Paru dans Scolaire le jeudi 28 octobre 2021.

Et si au lieu de gouverner par slogans, l'Éducation nationale faisait enfin la révolution inclusive à l'École, comme elle se fait déjà en Italie, au Portugal ou encore en Amérique du Nord ? C'est en substance le discours tenu par Alexandre Ployé, maître de conférences en sciences de l'éducation et formateur d'enseignants spécialisés dans l'académie de Créteil. Celui-ci intervenait samedi 23 octobre 2021 sur le thème de l'École inclusive, dans le cadre de la 20e université d'automne du SNUIPP qui s'est déroulée à Port-Leucate du 22 au 23 octobre.

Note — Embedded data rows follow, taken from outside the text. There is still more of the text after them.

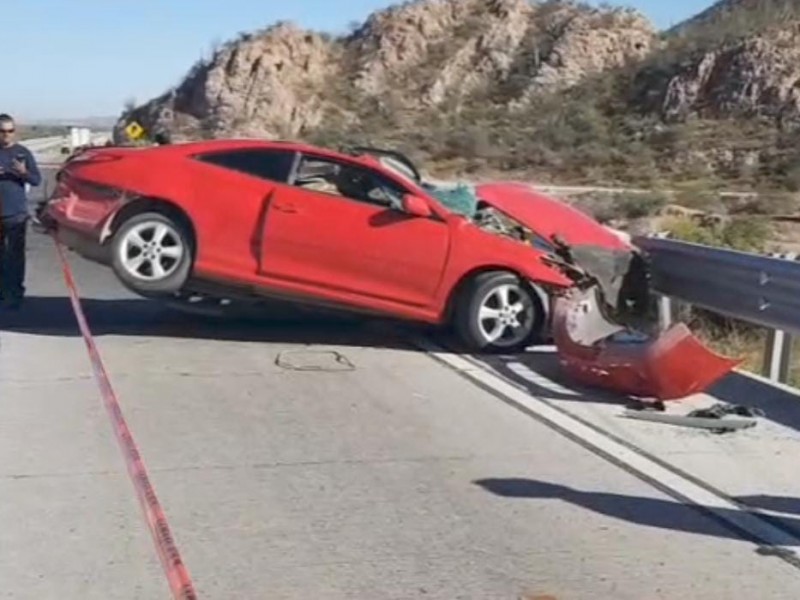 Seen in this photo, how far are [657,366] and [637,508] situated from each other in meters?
2.74

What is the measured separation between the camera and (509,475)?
7996mm

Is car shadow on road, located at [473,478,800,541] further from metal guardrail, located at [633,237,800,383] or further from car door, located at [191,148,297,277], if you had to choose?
car door, located at [191,148,297,277]

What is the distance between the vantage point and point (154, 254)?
12.3 meters

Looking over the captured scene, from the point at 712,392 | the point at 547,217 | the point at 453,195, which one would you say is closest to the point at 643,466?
the point at 712,392

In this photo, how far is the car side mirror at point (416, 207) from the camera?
1220 centimetres

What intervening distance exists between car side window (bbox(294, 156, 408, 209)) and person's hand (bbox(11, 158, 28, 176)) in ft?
9.54

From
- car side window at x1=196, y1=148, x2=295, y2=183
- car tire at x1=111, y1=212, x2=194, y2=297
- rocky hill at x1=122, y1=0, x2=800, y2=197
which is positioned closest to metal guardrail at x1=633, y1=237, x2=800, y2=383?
car side window at x1=196, y1=148, x2=295, y2=183

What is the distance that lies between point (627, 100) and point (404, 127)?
809 cm

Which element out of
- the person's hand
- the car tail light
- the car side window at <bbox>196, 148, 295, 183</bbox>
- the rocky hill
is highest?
the rocky hill

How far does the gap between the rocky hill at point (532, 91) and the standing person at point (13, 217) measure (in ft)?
107

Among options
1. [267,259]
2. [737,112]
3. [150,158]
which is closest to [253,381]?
[267,259]

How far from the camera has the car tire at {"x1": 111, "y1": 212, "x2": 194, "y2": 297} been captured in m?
12.3

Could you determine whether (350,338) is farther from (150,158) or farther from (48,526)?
(48,526)

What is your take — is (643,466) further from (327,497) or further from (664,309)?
(664,309) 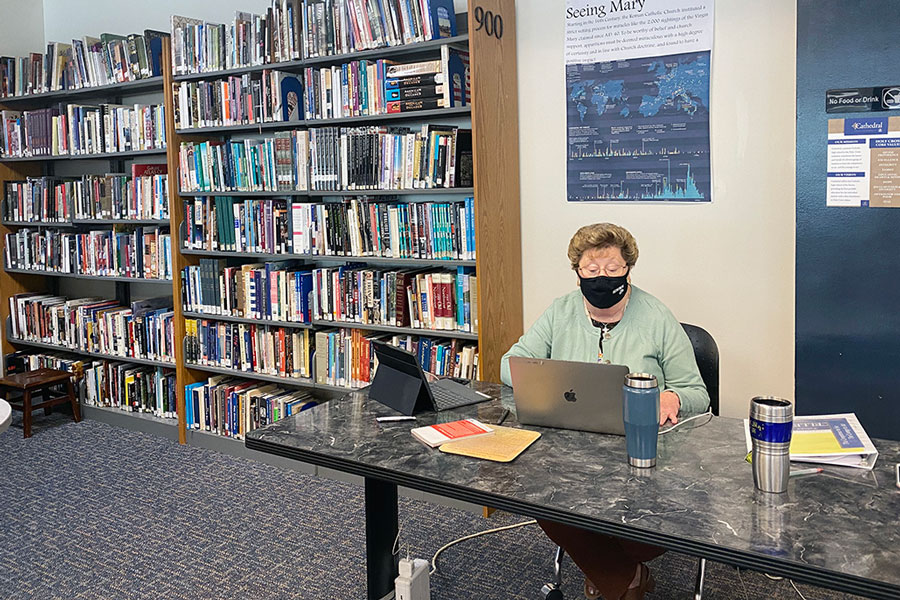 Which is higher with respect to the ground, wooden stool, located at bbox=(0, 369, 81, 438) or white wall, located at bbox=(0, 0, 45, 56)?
white wall, located at bbox=(0, 0, 45, 56)

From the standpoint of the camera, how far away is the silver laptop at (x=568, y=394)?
79.5 inches

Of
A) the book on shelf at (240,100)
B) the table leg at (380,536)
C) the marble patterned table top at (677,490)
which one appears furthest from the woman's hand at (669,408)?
the book on shelf at (240,100)

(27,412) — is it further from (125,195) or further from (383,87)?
(383,87)

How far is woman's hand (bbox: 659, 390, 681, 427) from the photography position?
221cm

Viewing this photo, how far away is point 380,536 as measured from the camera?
241cm

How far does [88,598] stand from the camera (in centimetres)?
288

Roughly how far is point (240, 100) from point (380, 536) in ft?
8.54

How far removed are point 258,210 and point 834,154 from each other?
270 cm

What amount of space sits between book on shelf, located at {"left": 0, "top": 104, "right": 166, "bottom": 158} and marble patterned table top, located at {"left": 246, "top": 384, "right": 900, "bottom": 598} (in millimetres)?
2903

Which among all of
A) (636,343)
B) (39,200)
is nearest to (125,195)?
(39,200)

Très critique sur les politiques ministérielles successives, Alexandre Ployé, qui dénonce "un processus particulièrement inachevé" et "des choix qui peuvent interroger au regard de choix d'autres pays", a livré des pistes pour mener cette révolution inclusive : parmi elles, celles de mettre en œuvre une pédagogie universelle, fondée notamment sur la mise en place de dispositifs didactiques différents mais qui concernent tous les élèves, développer au sein de l'école une culture partagée des personnels de l'Éducation nationale et acteurs médico-sociaux qui devraient y être "à demeure", équipes à qui on déléguerait la prise de décision au quotidien, ou encore développer le co-enseignement.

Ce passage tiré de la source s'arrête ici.